**SOURCE INFORMATION:**

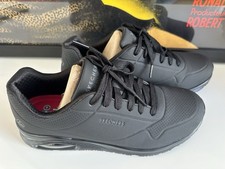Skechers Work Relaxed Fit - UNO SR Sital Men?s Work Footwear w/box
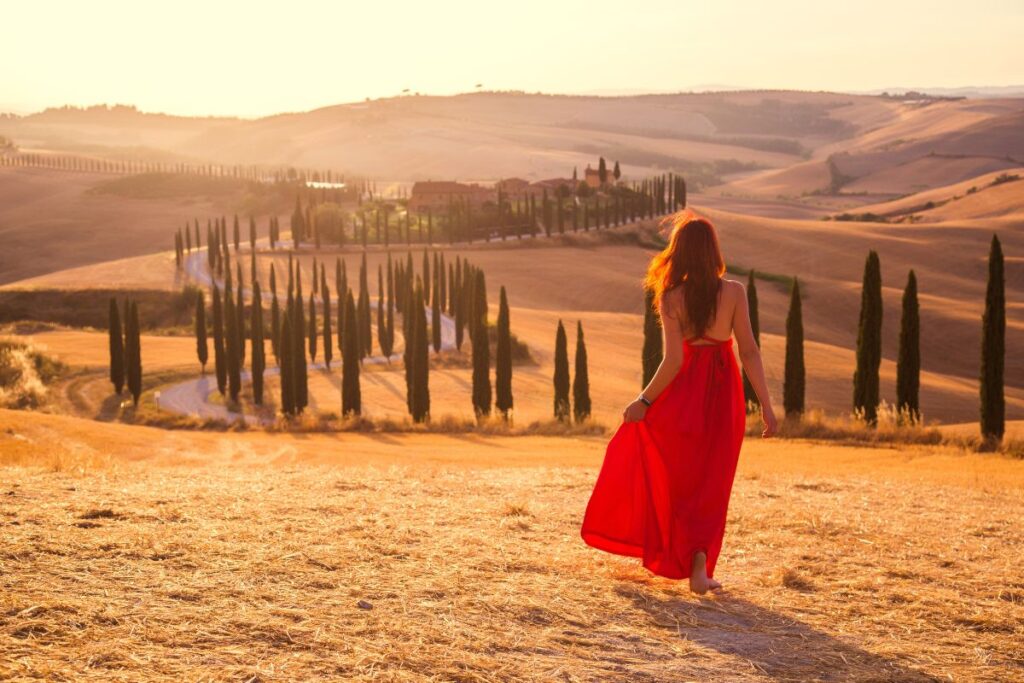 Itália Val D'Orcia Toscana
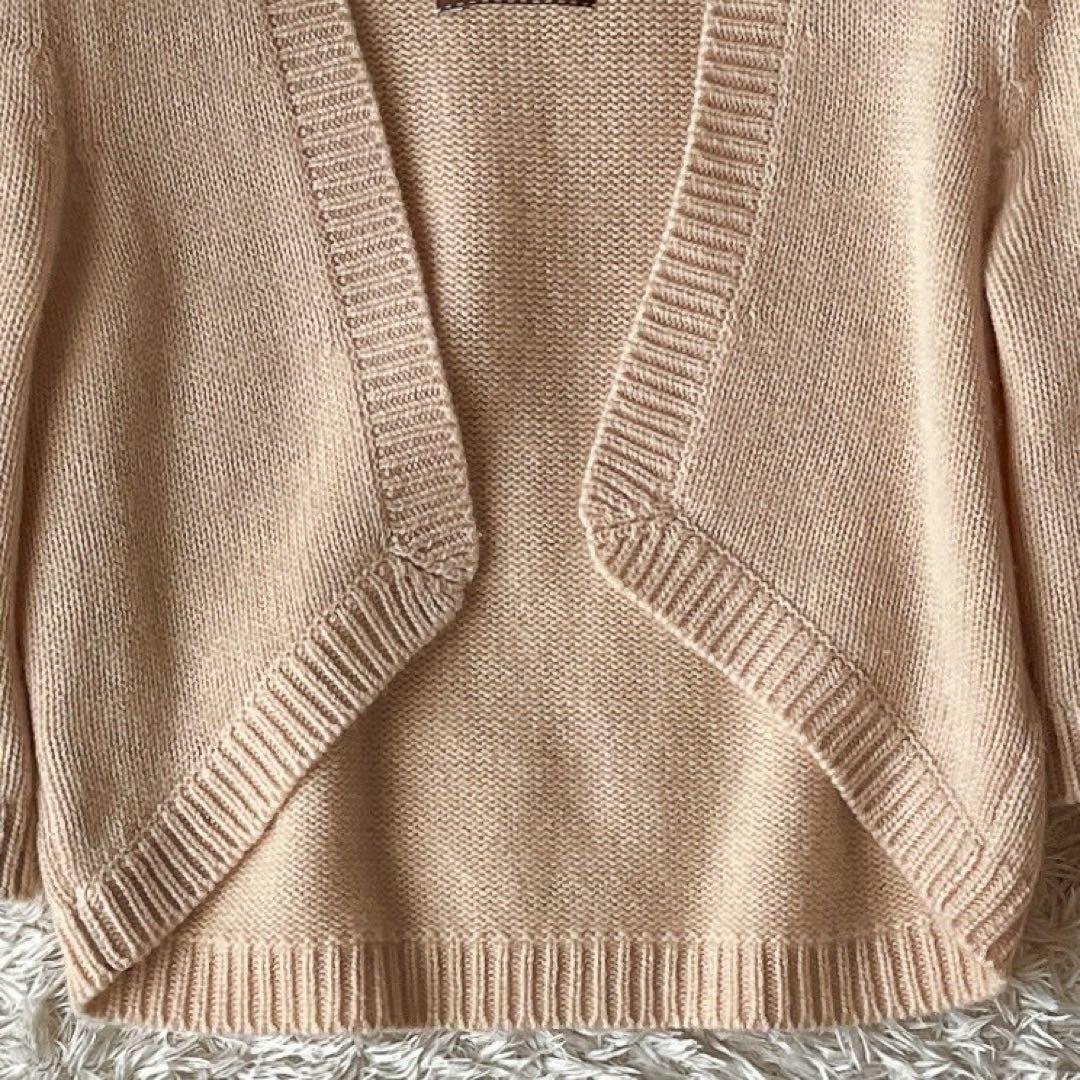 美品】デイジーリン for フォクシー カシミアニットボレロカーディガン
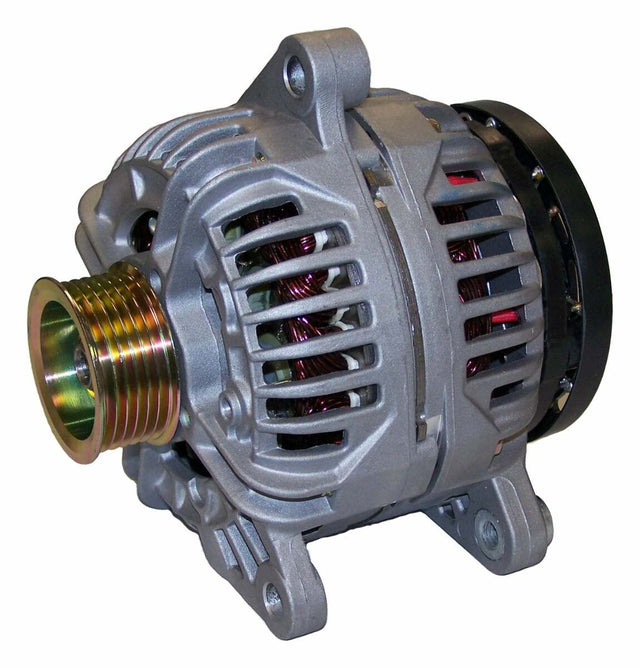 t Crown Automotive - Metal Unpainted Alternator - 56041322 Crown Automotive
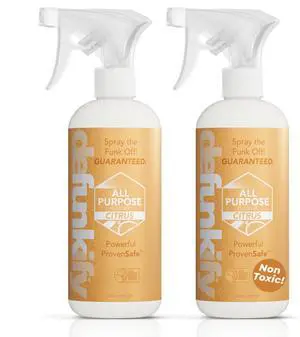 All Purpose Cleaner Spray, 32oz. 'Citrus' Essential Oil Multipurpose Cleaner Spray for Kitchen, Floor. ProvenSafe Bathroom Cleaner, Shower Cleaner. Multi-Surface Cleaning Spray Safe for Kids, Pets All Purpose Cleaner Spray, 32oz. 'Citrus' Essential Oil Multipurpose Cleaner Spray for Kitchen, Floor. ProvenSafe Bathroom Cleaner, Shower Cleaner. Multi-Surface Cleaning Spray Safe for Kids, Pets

**REQUIRED ACTION:**
Among the lines above, the one with "Itália Val D'Orcia Toscana" opens the part to repeat and the one with "t Crown Automotive" closes it; repeat only that part exactly, with no pictures.

**EXPECTED ANSWER:**
 Itália Val D'Orcia Toscana
 美品】デイジーリン for フォクシー カシミアニットボレロカーディガン
 t Crown Automotive - Metal Unpainted Alternator - 56041322 Crown Automotive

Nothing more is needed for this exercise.